TASK OBJECTIVE: Pictures aside, the data must be reproduced exactly.

DATA PROVIDED:
++++++++++
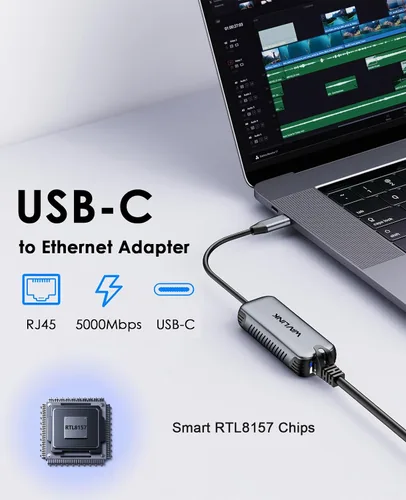 Vista 3 de WAVLINK Adaptador USB C a Ethernet de 5 Gbps, convertidor de red USB-C a RJ45 de 5000 Mbps, carcasa de aluminio para Windows, Mac OS, iPad OS y más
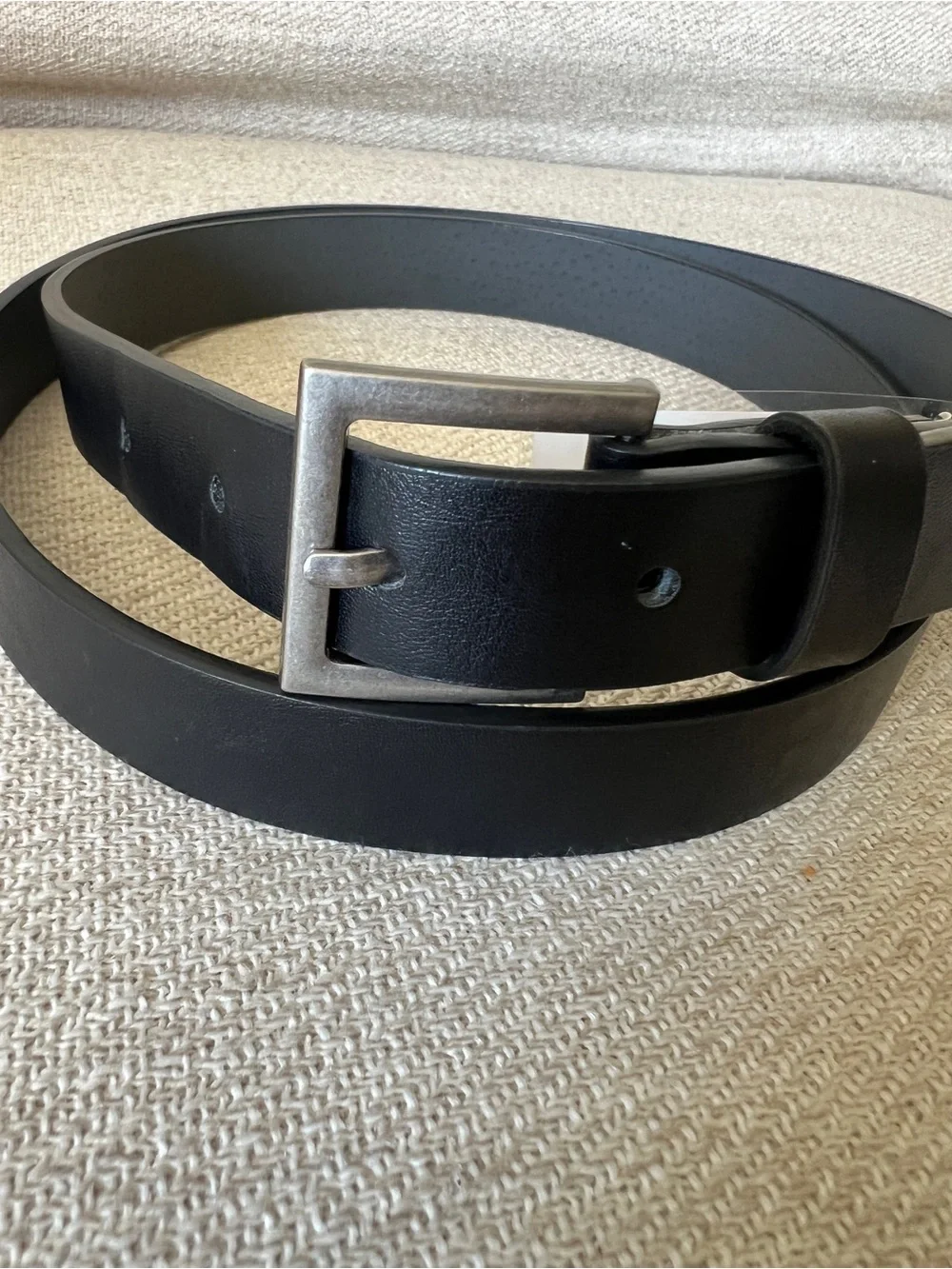 90s black leather belt with square brushed silver buckle XL Minimal Slim Y2K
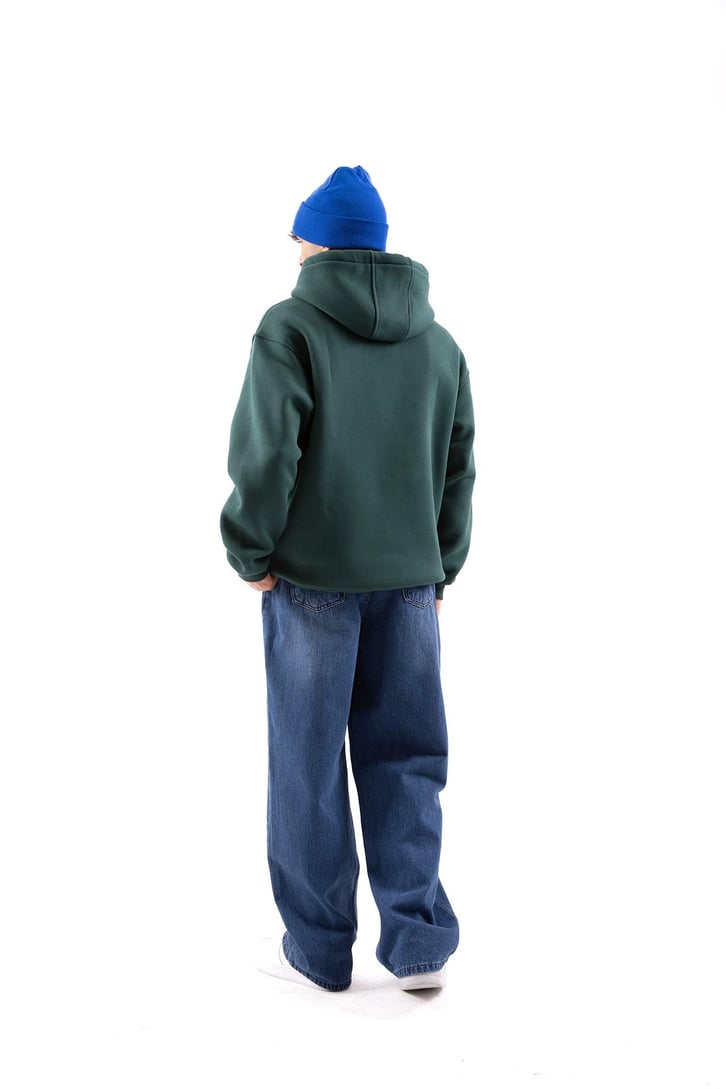 Basic Oversize Yeşil Hoodie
++++++++++
YOUR SOLUTION:
 Vista 3 de WAVLINK Adaptador USB C a Ethernet de 5 Gbps, convertidor de red USB-C a RJ45 de 5000 Mbps, carcasa de aluminio para Windows, Mac OS, iPad OS y más
 90s black leather belt with square brushed silver buckle XL Minimal Slim Y2K
 Basic Oversize Yeşil Hoodie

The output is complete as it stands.